EXERCISE GOAL:
Exact reproduction, images excluded: write out the records below.

Caption-style text data:
□ □ □ □ □ □ □

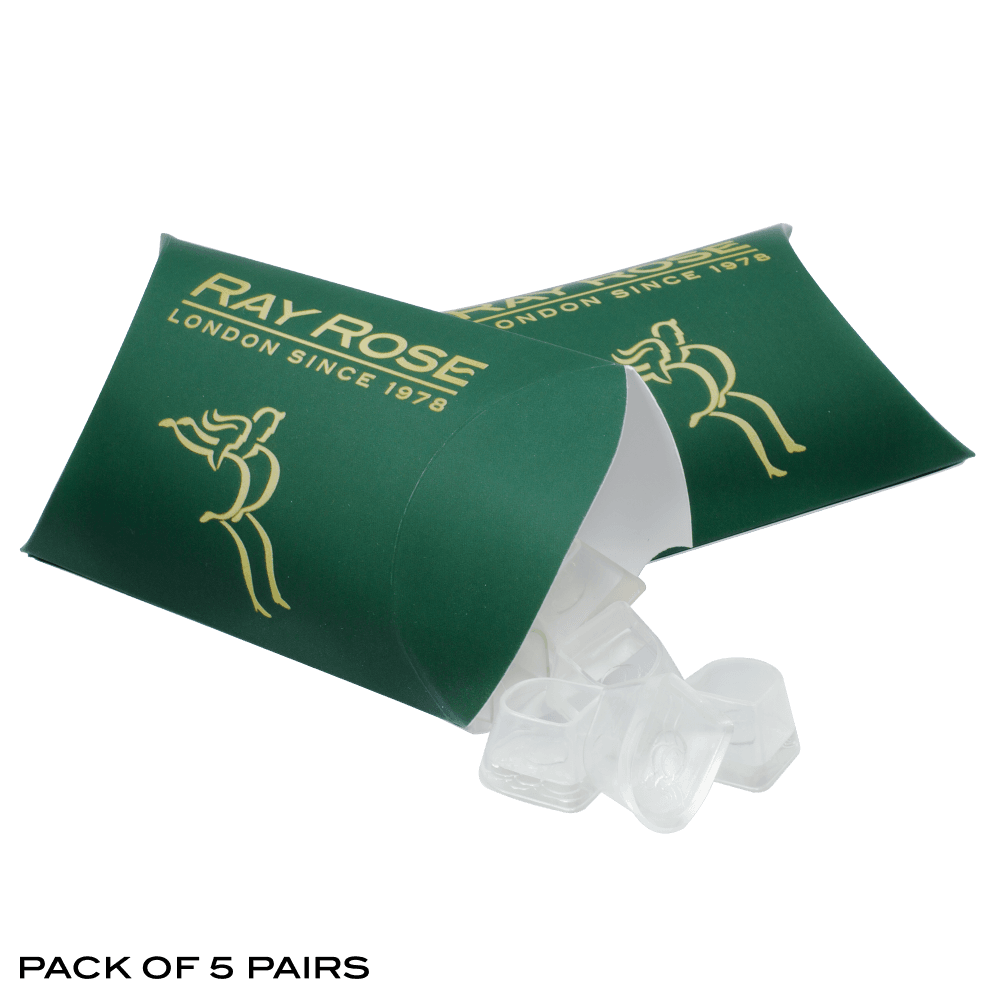 Ray Rose clear dance-shoe heel protectors in a five-pair pack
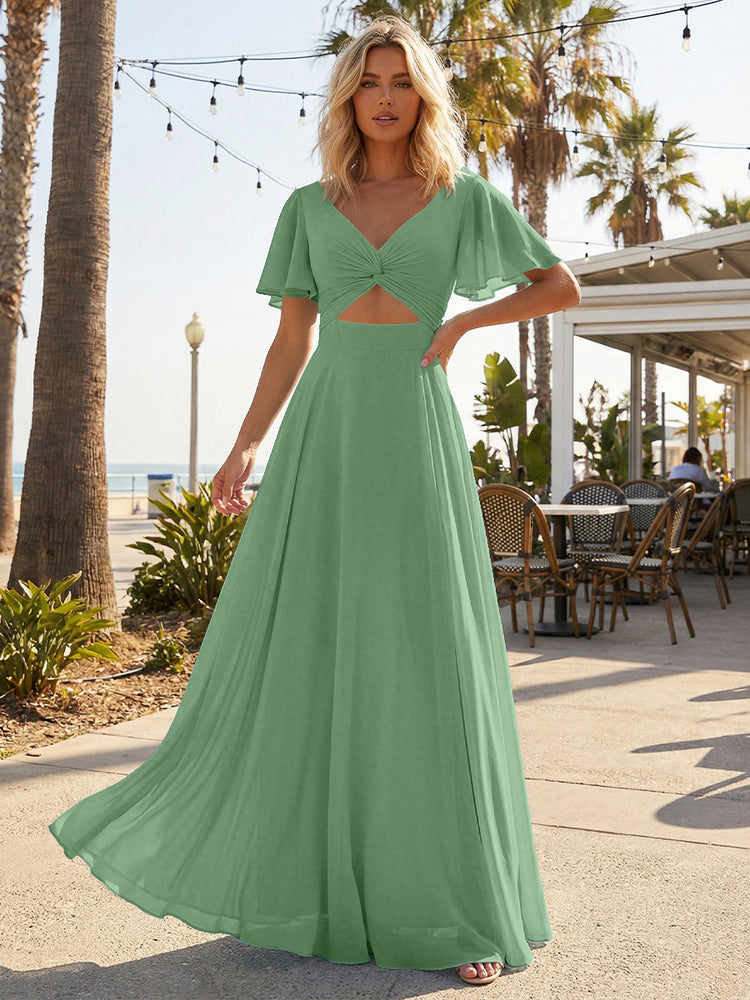 Chiffon A Line Short Sleeves Cut Out Long Bridesmaid Dresses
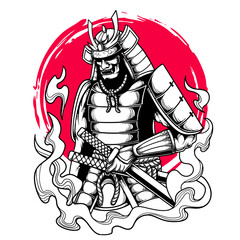 Japanese samurai holding katana black and white artwork vector illustration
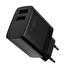Síťová nabíječka FIXED s 2xUSB výstupem, 17W Smart Rapid Charge, černá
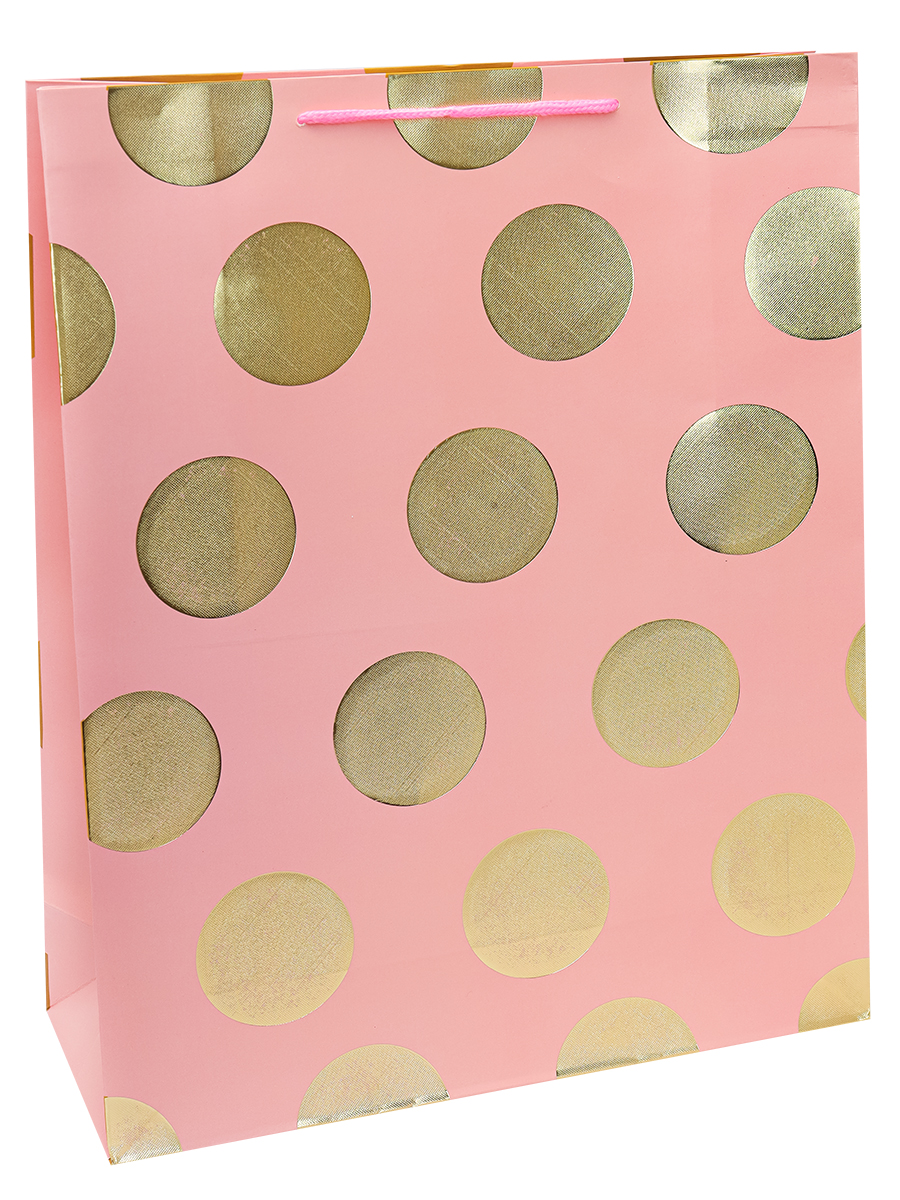 Dream cards Пакет подарочный с мат.лам. и тис. фольгой 31х40х12 Милый горошек,розовый,210г ПКП-2628 (Вид 1)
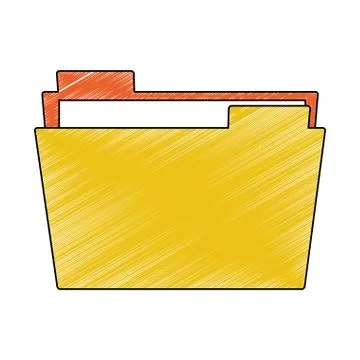 Folder document symbol scribble Stock Illustration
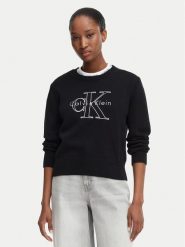 Calvin Klein Jeans Sweter LV047G322G Czarny Regular Fit. Czarne swetry klasyczne damskie Calvin Klein Jeans, l, z bawełny, bez kołnierzyka. Za 449.99 zł.
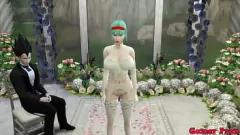 Reproducir Henta Bulma de la esposa trampa en Netorae Hentai Epic: sesión de fotos de boda erótica con grandes tetas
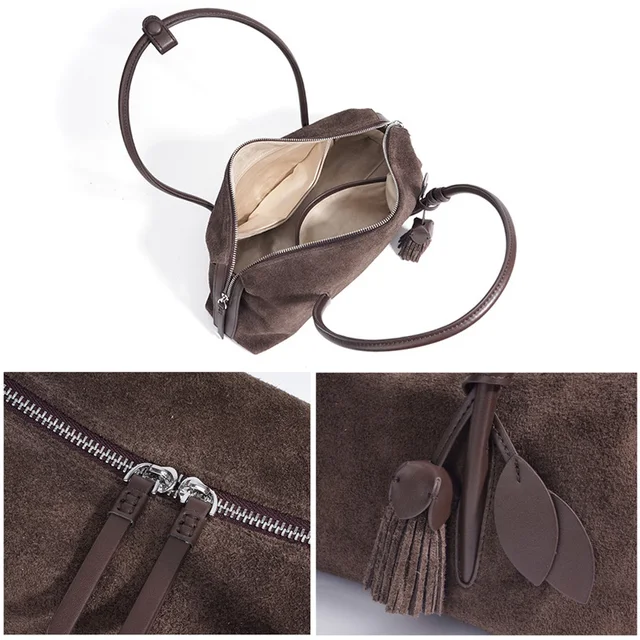 2025 Autumn Winter Suede Leather Bag Minimalist Unique Single Shoulder Bag Slouchy Casual Underarm Tote High Quality Handbag 5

□ □ □ □ □ □ □

EXPECTED ANSWER:
 Ray Rose clear dance-shoe heel protectors in a five-pair pack
 Chiffon A Line Short Sleeves Cut Out Long Bridesmaid Dresses
 Japanese samurai holding katana black and white artwork vector illustration
Síťová nabíječka FIXED s 2xUSB výstupem, 17W Smart Rapid Charge, černá
 Dream cards Пакет подарочный с мат.лам. и тис. фольгой 31х40х12 Милый горошек,розовый,210г ПКП-2628 (Вид 1)
 Folder document symbol scribble Stock Illustration
 Calvin Klein Jeans Sweter LV047G322G Czarny Regular Fit. Czarne swetry klasyczne damskie Calvin Klein Jeans, l, z bawełny, bez kołnierzyka. Za 449.99 zł.
 Reproducir Henta Bulma de la esposa trampa en Netorae Hentai Epic: sesión de fotos de boda erótica con grandes tetas
 2025 Autumn Winter Suede Leather Bag Minimalist Unique Single Shoulder Bag Slouchy Casual Underarm Tote High Quality Handbag 5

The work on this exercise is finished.